Originally Posted by Johno59 View Post
"It's about what Scott was saying: it's the satisfaction of doing it the old way — of re-living a former age of cycling."

I apologise, it was Scott who you were quoting regards BITD. My point was clinchers have as much tradition as tubs - they just don't have, and never did have, the performance of a tub.
My 4 best bikes have tubulars and they all 1970s. It would be weird to change them to clinchers but I don't do many miles on them any more.
I do about 7 to 8 thousand miles a year and I just couldn't manage the cost using tubs. My final trip on tubs cost me 300 dollars as I punctured both my front and back. Clinchers would have reduced that cost to a dime.
Admittedly I no longer have to traverse a city center wherein there are all sorts of tub unfriendly debris on the road but I don't try and average 25 mph anymore so for me the low performing clincher makes more sense all round.
Having said that for my Colnago Supers and Eddie Merckx, what modern sealant do you recommend for a tub, how do you get it past the valve and will the sealant hold 120 psi?
Originally Posted by 63rickert View Post
Take a close look at your valve. You will see that it is made in two pieces. Two piece valves have been around at least since the 1990s and are now almost the only kind. Find the two small wrench flats. Remove the valve core with a pair of pliers, a 4 inch adjustable wrench, a dedicated valve core tool, or sometimes it can be done with your fingers. It's a big opening. You can figure how to get the sealant in.

Panaracer Smart Seal. Orange Seal. Orange Seal Endurance. It is now cold outside. Sealant will not fix your tire while riding below 50 degrees F. Bring it inside and pump it up. In warm weather you could flat and never know it. Sealant does not last forever, it will dry out. Lasts longer inside a tube, could last a year, do not plan on more than 6 months. For bikes that spend lots of time on display and not many miles ridden, wait until you flat before using sealant.

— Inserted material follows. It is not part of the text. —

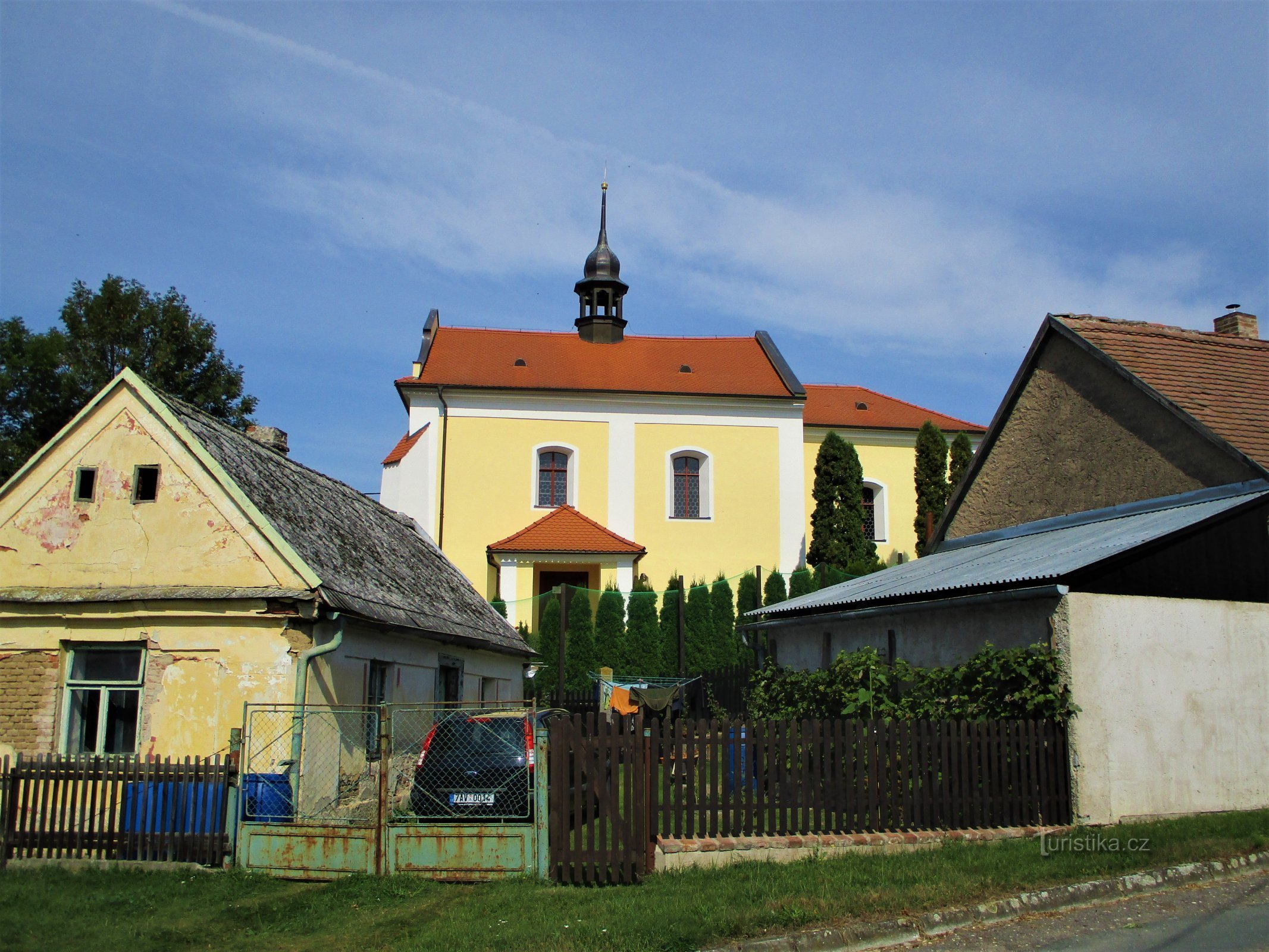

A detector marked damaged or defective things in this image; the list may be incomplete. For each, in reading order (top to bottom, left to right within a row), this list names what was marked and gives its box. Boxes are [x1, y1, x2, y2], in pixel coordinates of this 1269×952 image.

old house with peeling plaster [0, 370, 530, 762]
rusty metal gate [236, 706, 548, 883]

Of course sealant holds pressure. 120 psi could be why you are flatting. If you are a large rider and need that much air in a skinny tire, replace with a wider tire. Excessive pressure was always a reason for repetitive flats. Rock hard tire slamming into sharp objects punctures more readily than a tire that flows over.

Shake well before using. 1 ounce does a skinny. Two ounces does a CX tire. One and a half ounces for 28mm tires.
I run clinchers at 110 psi. Do you recommend tubs at a lower pressure than a clincher, say 100 or even less?
I have use numerous tubs with one piece valves but shall seek out the two piece ones for the good reasons you have pointed out.

Last edited by Johno59; 10-20-19 at 11:33 AM.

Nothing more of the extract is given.